ENTRIES SHOWN:
*** Begin section ***

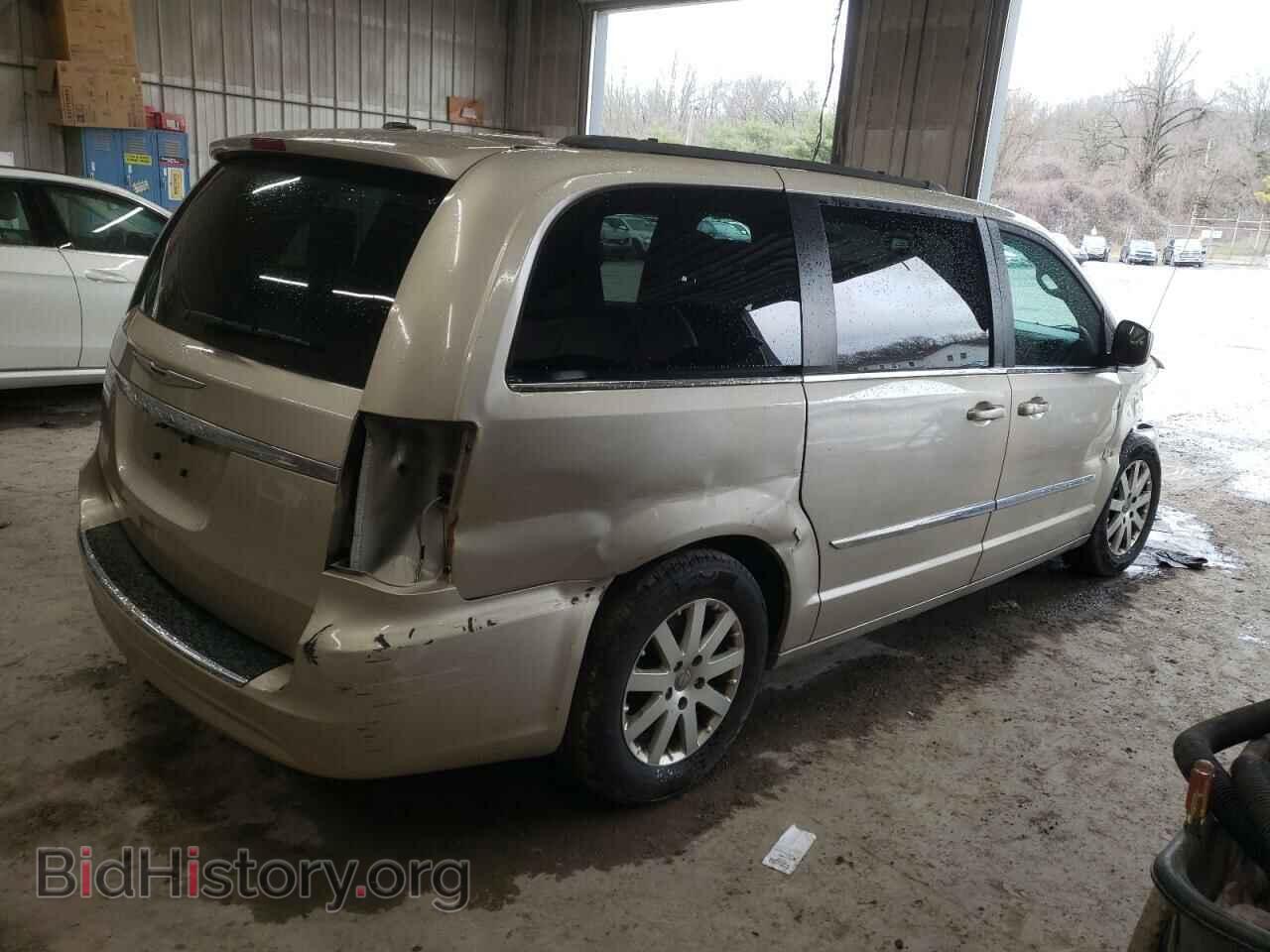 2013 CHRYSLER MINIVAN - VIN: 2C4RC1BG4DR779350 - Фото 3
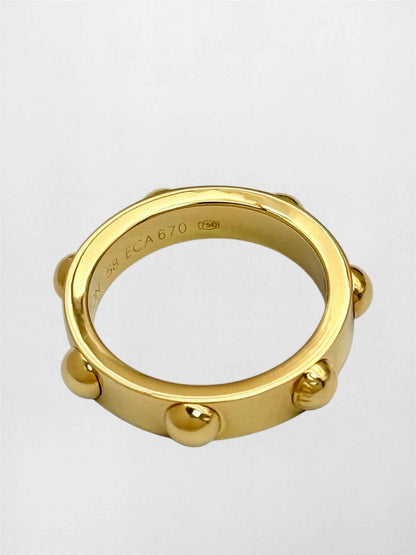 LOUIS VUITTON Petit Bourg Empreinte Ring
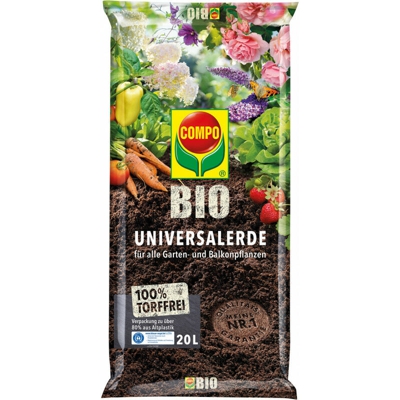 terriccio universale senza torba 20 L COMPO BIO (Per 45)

*** End section ***
*** Begin section ***

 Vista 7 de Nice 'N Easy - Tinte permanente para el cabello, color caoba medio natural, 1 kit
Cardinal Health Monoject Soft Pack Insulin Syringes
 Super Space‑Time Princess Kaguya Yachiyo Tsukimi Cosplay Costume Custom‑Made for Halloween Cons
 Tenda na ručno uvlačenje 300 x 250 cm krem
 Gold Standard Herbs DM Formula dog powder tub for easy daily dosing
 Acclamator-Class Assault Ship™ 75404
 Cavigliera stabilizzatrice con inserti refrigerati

*** End section ***

WORK TO BE COMPLETED: Output the lines of the records above exactly as they appear, from the line containing "Cardinal Health Monoject" through the line containing "Cavigliera stabilizzatrice con".

RESULT OF THIS EXERCISE:
Cardinal Health Monoject Soft Pack Insulin Syringes
 Super Space‑Time Princess Kaguya Yachiyo Tsukimi Cosplay Costume Custom‑Made for Halloween Cons
 Tenda na ručno uvlačenje 300 x 250 cm krem
 Gold Standard Herbs DM Formula dog powder tub for easy daily dosing
 Acclamator-Class Assault Ship™ 75404
 Cavigliera stabilizzatrice con inserti refrigerati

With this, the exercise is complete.